- The Washington Times - Wednesday, July 12, 2017

Big-ticket items like an Obamacare repeal or tax reform may elude them, but lawmakers are still off to a fast start to the current Congress, according to The Washington Times Legislative Activity Index, which shows a newly unified government in Washington passing bills at a clip not seen since the early days of the Obama administration.

It’s the House that has led the way, notching a legislative record that puts it in the top 25 percent of sessions of Congress dating back to just after World War II, when the Congressional Record began to publish monthly tallies of floor activity.

Yet the Senate continues to lag, with lawmakers in the upper chamber ranking near the bottom of the past 71 sessions of Congress when it comes to the number of bills cleared by the chamber, volume of floor activity and — perhaps most striking — the slow pace of confirmations.

On that last measure, it’s the second-worst start to a year on record and by far the worst start to a presidential term.

It’s causing friction between the two chambers.
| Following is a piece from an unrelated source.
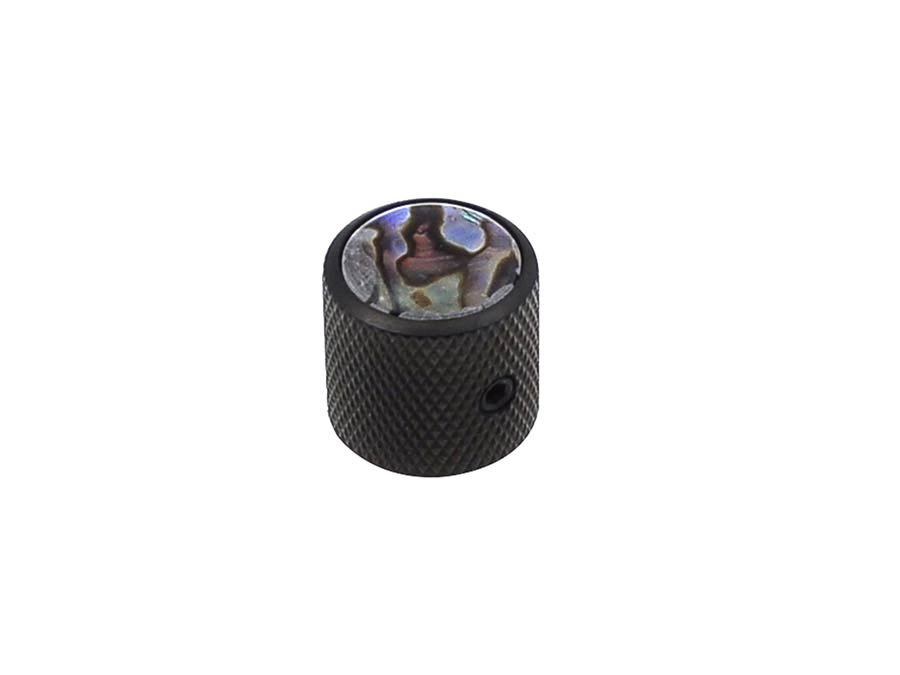 Dome Knob with Abalone Inlay for Electric Guitar & Bass - Black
Republican leaders said Wednesday that 226 bills have cleared the House but are now piled up in the Senate, stuck in gridlock.

Those measures include a crackdown on sanctuary cities and repeat illegal immigrants, a rewrite of the 2010 Wall Street reform law and even an Obamacare repeal, which the House approved — after a false start — in May.

The House on Wednesday passed bills cracking down on human trafficking and is moving the dozen annual spending bills through the Appropriations Committee.

“Obviously, we’re far ahead of the pace,” Speaker Paul D. Ryan, Wisconsin Republican, said Tuesday. “The House, as you know, institutionally can move a lot faster than the Senate. The House also does not have to deal with personnel, with ambassadors and assistant secretaries and all the rest, or the Supreme Court.”

Some significant bills have cleared both chambers and been signed into law, including an overhaul of accountability rules for the Department of Veterans Affairs and the repeal of Obama-era regulations.

But Democrats said the list of basic bills remaining is stunning.

The deadline for a 2018 budget was April 15, yet neither chamber has written one. Infrastructure — an issue on which both sides of the aisle thought they could reach bipartisan agreement — also has fallen by the wayside. In addition, deadlines are looming in the fall for raising the debt limit and avoiding a government shutdown.

“Republicans have yet to pass a single appropriations bill. There’s also been no jobs bill, no infrastructure bill, no budget, and no plan to avert a catastrophic default on the full faith and credit of the United States,” the office of Minority Leader Nancy Pelosi, California Democrat, said in a memo Wednesday.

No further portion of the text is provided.